Sainte-Jeanne des Abattoirs fut écrite par Brecht en 1930 à la suite de la crise économique de 1929 et afin de pointer du doigt ce paradoxe du capitalisme qui profite toujours aux plus riches, même en temps de crise. D’un côté « Les Rois de la Viande, les Géants de la Conserve, les Magnats des abattoirs » qui, pour augmenter toujours plus leurs profits s’adonnent à toutes les bassesses, tentent de détrôner leurs concurrents et finissent ainsi par provoquer crise et faillite. De l’autre côté, les ouvriers des abattoirs, à la merci des grands patrons et les premiers à subir la crise. Chômage, pauvreté et violence, voilà le quotidien de ces hommes qui ne demandaient qu’à pouvoir gagner leur pain.

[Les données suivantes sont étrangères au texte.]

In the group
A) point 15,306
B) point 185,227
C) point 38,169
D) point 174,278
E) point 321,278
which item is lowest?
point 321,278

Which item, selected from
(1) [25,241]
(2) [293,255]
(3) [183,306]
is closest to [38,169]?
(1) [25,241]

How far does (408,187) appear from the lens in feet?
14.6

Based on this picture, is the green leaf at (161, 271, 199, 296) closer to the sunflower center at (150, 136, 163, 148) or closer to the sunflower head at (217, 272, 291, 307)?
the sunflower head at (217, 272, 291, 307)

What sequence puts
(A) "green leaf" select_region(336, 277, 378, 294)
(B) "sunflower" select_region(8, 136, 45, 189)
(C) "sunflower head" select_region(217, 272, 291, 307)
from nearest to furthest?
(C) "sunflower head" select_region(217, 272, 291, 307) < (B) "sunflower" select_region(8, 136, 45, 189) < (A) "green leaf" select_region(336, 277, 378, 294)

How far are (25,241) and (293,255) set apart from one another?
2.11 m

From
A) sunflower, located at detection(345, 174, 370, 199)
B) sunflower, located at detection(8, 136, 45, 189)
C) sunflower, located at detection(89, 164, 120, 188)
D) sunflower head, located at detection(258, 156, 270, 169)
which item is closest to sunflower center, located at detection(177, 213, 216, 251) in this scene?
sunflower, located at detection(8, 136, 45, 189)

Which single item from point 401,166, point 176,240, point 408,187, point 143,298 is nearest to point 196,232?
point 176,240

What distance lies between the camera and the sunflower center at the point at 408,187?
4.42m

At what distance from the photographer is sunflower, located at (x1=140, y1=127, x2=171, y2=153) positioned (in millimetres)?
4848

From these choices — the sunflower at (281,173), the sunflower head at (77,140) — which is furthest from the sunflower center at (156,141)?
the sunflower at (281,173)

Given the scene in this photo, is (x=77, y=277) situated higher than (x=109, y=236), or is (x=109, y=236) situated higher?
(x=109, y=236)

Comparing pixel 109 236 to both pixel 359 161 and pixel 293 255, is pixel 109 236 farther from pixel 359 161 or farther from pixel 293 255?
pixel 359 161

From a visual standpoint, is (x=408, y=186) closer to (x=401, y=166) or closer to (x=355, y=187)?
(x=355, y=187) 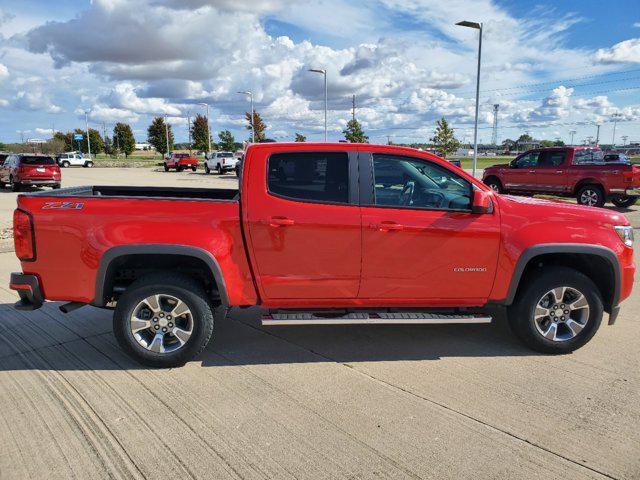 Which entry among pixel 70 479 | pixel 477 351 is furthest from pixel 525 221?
pixel 70 479

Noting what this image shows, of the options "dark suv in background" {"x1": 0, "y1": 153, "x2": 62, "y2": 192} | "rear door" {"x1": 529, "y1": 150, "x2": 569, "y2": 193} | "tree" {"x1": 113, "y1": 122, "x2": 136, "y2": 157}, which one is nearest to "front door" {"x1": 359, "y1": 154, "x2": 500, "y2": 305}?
"rear door" {"x1": 529, "y1": 150, "x2": 569, "y2": 193}

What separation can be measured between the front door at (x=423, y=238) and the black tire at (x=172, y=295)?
1323 millimetres

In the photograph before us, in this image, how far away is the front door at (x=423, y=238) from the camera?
389cm

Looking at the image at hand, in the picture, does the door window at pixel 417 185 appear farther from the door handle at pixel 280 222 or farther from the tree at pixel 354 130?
the tree at pixel 354 130

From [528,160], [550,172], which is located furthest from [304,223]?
[528,160]

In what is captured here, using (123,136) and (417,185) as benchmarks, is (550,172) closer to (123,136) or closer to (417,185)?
(417,185)

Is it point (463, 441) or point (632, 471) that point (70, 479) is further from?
point (632, 471)

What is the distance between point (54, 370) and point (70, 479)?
1565mm

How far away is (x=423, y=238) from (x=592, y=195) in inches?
497

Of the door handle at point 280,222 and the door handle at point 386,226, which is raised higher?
the door handle at point 280,222

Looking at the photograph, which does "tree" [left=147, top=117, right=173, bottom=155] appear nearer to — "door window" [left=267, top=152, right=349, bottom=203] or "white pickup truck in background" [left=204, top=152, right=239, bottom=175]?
"white pickup truck in background" [left=204, top=152, right=239, bottom=175]

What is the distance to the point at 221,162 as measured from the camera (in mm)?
37438

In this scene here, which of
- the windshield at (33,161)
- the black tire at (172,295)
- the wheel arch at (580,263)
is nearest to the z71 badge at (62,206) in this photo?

Au milieu de ces deux catégories sociales bien opposées, apparaît Jeanne Dark. Elle fait partie des « Chapeaux noirs » – organisation équivalente à l’Armée du Salut – et distribue la soupe populaire aux ouvriers qu’elle tente de convaincre du bonheur que seul Dieu peut apporter. Voyant que ses discours ne suffiront pas et que la faim finit toujours par avoir le dernier mot, elle se rend chez les industriels pour les remettre dans le droit chemin en les incitant à rouvrir les abattoirs et mettre de côté leurs querelles. Elle est persuadée de pouvoir changer les consciences, obtient un poste dans les abattoirs et tisse un lien avec Pierpont Mauler. Elle finit cependant par dessiller les yeux et comprend qu’en préservant cet échange, elle se compromet et joue le jeu des puissants qui utilisent l’organisation des « Chapeaux noirs » à leur fin pour apaiser la populace. Se refusant d’être leur instrument, Jeanne quitte l’organisation, se retrouve sans emploi et devient porte parole du mouvement de grève générale des ouvriers. Là encore, la désillusion est de mise car les autorités mettent fin à la grève…

 

La mise en scène de Marie Lamachère est particulièrement soignée, et tout est mis en œuvre pour servir le texte de Brecht. La forme de ce théâtre épique est poussée jusqu’au bout tant par la stylisation du jeu de certains personnages que par l’utilisation de la vidéo. Les industriels ne sont pas interprétés de manière « réalistes », mais font plutôt figure de clowns grotesques et inquiétants. Leurs gestes sont prévus et saccadés, leurs rires forcés, et leurs visages deviennent des masques. Le mensonge est inscrit sur leur visage et leur corps dominés par l’artificialité. Les ouvriers quant à eux, sont poussés par la faim et tendent vers la bestialité. Lors de la révolte, certains deviennent presque des singes en s’accrochant aux barreaux des abattoirs, quand d’autres restent au sol prêts à bondir sur le premier venu. Au milieu d’eux, Jeanne avance avec simplicité et naïveté, suivant ce que lui dicte son cœur.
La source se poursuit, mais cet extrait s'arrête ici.